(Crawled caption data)
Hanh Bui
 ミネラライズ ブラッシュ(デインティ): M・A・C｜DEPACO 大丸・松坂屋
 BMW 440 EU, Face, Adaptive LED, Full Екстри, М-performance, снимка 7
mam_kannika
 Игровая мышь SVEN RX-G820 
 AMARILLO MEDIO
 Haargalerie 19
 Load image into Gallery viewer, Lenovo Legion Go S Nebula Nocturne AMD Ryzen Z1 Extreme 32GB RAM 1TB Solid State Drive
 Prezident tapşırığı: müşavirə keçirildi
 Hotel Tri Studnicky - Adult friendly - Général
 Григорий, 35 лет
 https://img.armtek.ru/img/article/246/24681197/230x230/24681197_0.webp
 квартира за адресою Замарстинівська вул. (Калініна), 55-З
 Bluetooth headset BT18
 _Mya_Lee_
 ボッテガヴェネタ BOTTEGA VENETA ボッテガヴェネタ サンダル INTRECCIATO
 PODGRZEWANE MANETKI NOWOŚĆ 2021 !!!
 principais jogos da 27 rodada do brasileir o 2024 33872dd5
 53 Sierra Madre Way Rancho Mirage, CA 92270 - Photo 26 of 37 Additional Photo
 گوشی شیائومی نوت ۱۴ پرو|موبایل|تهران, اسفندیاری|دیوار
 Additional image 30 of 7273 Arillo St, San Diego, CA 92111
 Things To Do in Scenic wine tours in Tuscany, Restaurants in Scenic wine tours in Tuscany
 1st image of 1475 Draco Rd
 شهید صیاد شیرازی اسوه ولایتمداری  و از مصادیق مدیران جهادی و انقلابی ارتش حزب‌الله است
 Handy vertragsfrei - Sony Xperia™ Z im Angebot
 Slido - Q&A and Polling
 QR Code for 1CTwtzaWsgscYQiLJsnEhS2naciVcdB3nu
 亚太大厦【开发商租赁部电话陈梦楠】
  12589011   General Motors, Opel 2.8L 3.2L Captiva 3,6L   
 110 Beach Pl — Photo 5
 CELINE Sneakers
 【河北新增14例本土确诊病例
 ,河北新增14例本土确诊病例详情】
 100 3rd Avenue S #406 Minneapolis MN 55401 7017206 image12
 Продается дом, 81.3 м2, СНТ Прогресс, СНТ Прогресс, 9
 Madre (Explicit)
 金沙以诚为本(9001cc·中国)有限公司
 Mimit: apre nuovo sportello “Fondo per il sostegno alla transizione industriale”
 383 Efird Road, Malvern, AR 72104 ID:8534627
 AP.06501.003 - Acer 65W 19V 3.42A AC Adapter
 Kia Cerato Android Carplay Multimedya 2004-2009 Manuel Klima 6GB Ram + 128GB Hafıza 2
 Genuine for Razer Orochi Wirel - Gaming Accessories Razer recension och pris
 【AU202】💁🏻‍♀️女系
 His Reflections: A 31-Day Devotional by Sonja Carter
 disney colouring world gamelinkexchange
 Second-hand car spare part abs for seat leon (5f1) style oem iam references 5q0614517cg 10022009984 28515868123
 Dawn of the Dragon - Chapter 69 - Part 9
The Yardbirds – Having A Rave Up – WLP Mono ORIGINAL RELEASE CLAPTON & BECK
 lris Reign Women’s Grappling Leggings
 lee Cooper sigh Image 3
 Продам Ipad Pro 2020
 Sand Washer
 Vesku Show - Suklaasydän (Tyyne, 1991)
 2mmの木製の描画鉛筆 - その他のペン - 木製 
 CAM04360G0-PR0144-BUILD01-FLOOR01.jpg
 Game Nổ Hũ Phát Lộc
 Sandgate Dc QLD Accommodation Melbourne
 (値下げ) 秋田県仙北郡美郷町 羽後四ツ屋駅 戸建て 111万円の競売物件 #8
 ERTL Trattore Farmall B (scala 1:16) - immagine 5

(What you have to do) Copy exactly the stretch of data above from the line with "PODGRZEWANE MANETKI NOWOŚĆ 2021 !!!" through the line with "亚太大厦【开发商租赁部电话陈梦楠】", and omit all other lines.

(Solution to the exercise)
 PODGRZEWANE MANETKI NOWOŚĆ 2021 !!!
 principais jogos da 27 rodada do brasileir o 2024 33872dd5
 53 Sierra Madre Way Rancho Mirage, CA 92270 - Photo 26 of 37 Additional Photo
 گوشی شیائومی نوت ۱۴ پرو|موبایل|تهران, اسفندیاری|دیوار
 Additional image 30 of 7273 Arillo St, San Diego, CA 92111
 Things To Do in Scenic wine tours in Tuscany, Restaurants in Scenic wine tours in Tuscany
 1st image of 1475 Draco Rd
 شهید صیاد شیرازی اسوه ولایتمداری  و از مصادیق مدیران جهادی و انقلابی ارتش حزب‌الله است
 Handy vertragsfrei - Sony Xperia™ Z im Angebot
 Slido - Q&A and Polling
 QR Code for 1CTwtzaWsgscYQiLJsnEhS2naciVcdB3nu
 亚太大厦【开发商租赁部电话陈梦楠】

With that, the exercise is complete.